I've seen similar issue and it was caused by pacemaker and resource-agents pacakges not being up to date. Cheking the sosreport-chrisj-controller-0-galera-bundle-upgrade-issue-20180110010619 I can see the pacemaker-1.1.16-12.el7_4.2.x86_64 package installed while on a system which got successfully upgraded I have pacemaker-1.1.16-12.el7_4.5.x86_64. Could you please check that the overcloud nodes have the rhel-ha-for-rhel-7-server-rpms repo enabled which provides pacemaker-1.1.16-12.el7_4.5? Thanks, Marius
Marius, It looks like all 3 failed environments were at pacemaker-1.1.16-12.el7_4.5.x86_64. BTW. we could perform heat stack-delete and then fresh openstack deploy without /usr/share/openstack-tripleo-heat-templates/environments/major-upgrade-composable-steps-docker.yaml extension, and fresh deployment worked ok.

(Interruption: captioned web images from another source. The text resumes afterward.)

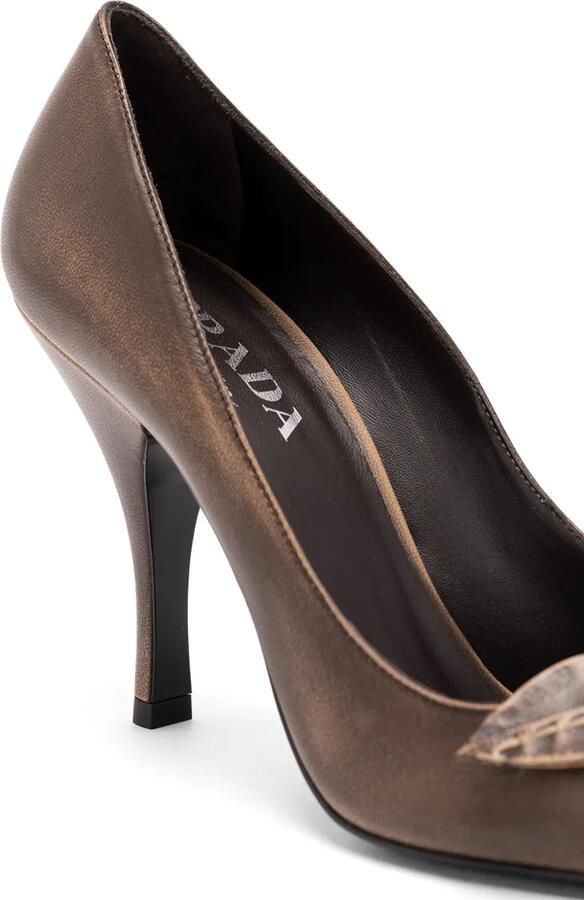 Prada Re-Edition pumps met bloemenapplicatie en hak Grijs - Foto 3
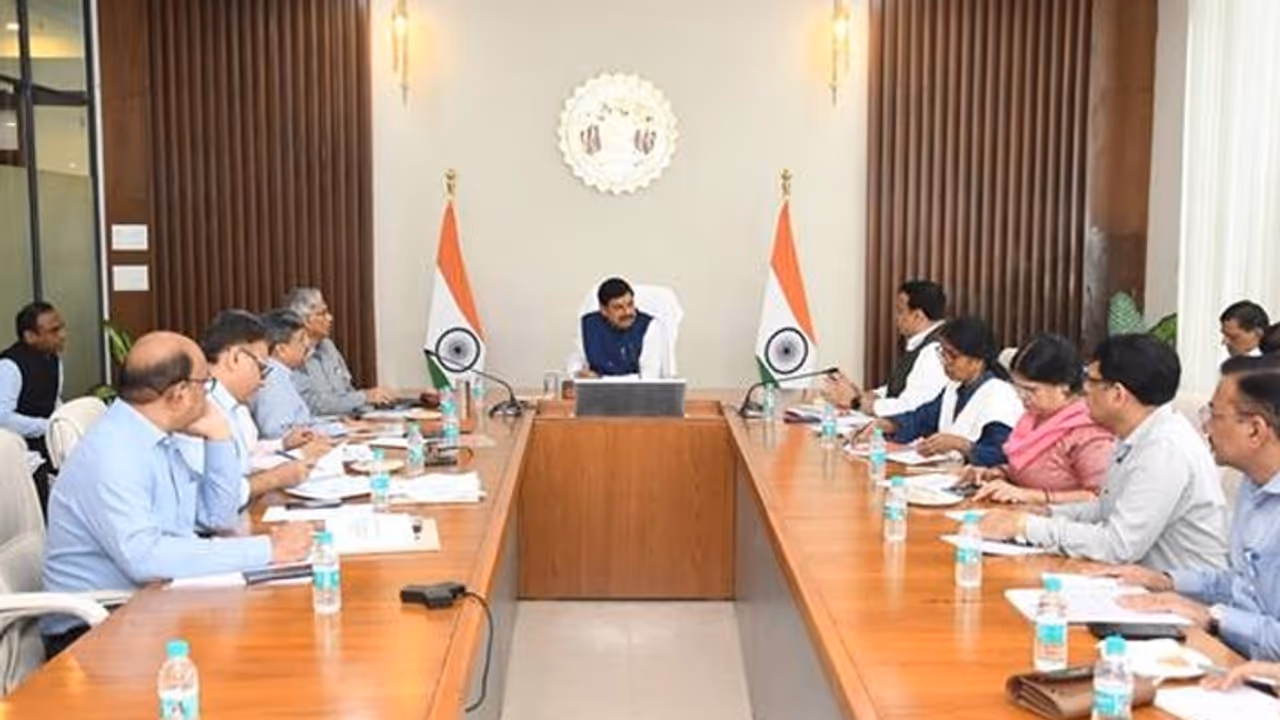 bhagwan birsa munda jayanti janjatiya gaurav diwas 2025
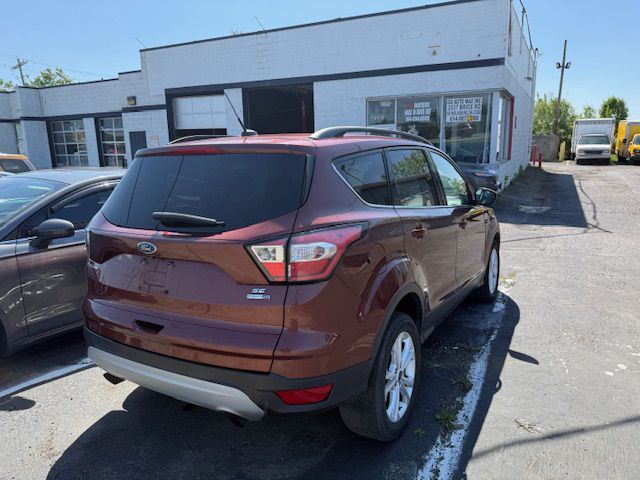 Photo 11 of this FORD ESCAPE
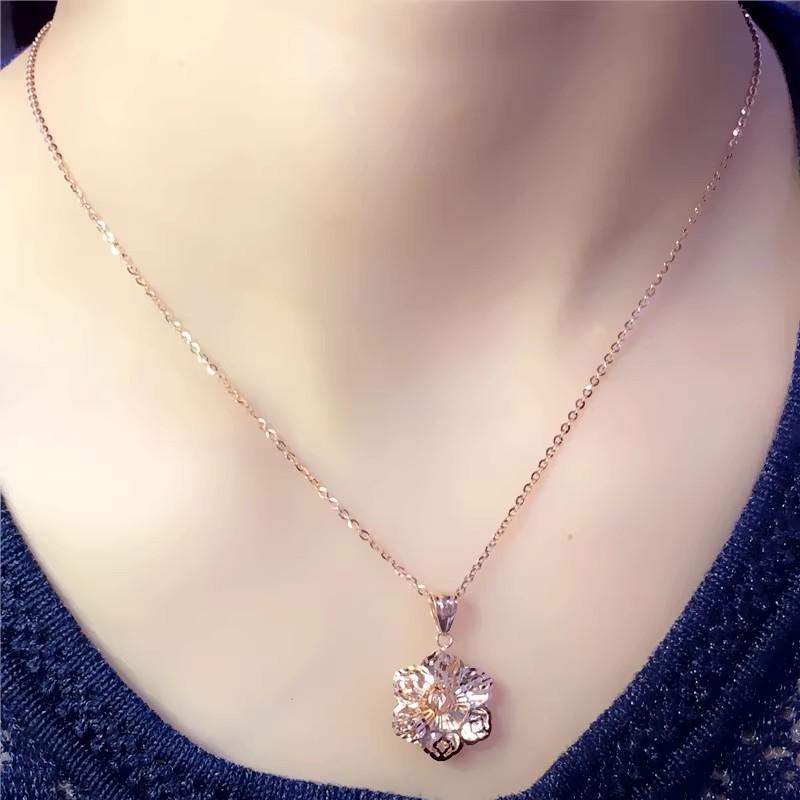 Purple Gold 3D Three-Dimensional Flower Pendant, Shining Foreign Gas Plated Rose Gold Smart Hollow Collarbone Chain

This indicates it's upgrade related issue and not configuration issue.
(In reply to Chris Janiszewski from comment #3) > Marius, > > It looks like all 3 failed environments were at > pacemaker-1.1.16-12.el7_4.5.x86_64. > > BTW. we could perform heat stack-delete and then fresh openstack deploy > without > /usr/share/openstack-tripleo-heat-templates/environments/major-upgrade- > composable-steps-docker.yaml extension, and fresh deployment worked ok. This > indicates it's upgrade related issue and not configuration issue. In case of a fresh deployment the packages come pre-installed inside the overcloud image so it's different compared to the upgrade where the packages get updated during the upgrade step. Would it be possible to attach the controller nodes sosreports from an environment which got pacemaker-1.1.16-12.el7_4.5.x86_64 at upgrade failure time? Checking the attached sosreport I could see pacemaker was at version 1.1.16-12.el7_4.2: ~/sosreport-chrisj-controller-0-galera-bundle-upgrade-issue-20180110010619>>> grep ^pacemaker-1 installed-rpms pacemaker-1.1.16-12.el7_4.2.x86_64 Mon Oct 2 19:41:00 2017 ~/sosreport-chrisj-controller-0-galera-bundle-upgrade-issue-20180110010619>>> grep 'Starting Pacemaker' var/log/cluster/corosync.log Jan 09 16:30:52 [2727] chrisj-controller-0 pacemakerd: notice: main: Starting Pacemaker 1.1.16-12.el7_4.2 | build=94ff4df features: generated-manpages agent-manpages ncurses libqb-logging libqb-ipc systemd nagios corosync-native atomic-attrd acls Jan 09 20:38:33 [2565] chrisj-controller-0 pacemakerd: notice: main: Starting Pacemaker 1.1.16-12.el7_4.2 | build=94ff4df features: generated-manpages agent-manpages ncurses libqb-logging libqb-ipc systemd nagios corosync-native atomic-attrd acls Jan 09 21:54:19 [268576] chrisj-controller-0 pacemakerd: notice: main: Starting Pacemaker 1.1.16-12.el7_4.2 | build=94ff4df features: generated-manpages agent-manpages ncurses libqb-logging libqb-ipc systemd nagios corosync-native atomic-attrd acls Also checking the /etc/yum.repos.d/osp12.repo file in the attached sosreport I couldn't find the rhel-ha-for-rhel-7-server-rpms repository which would provide a pacemaker package update.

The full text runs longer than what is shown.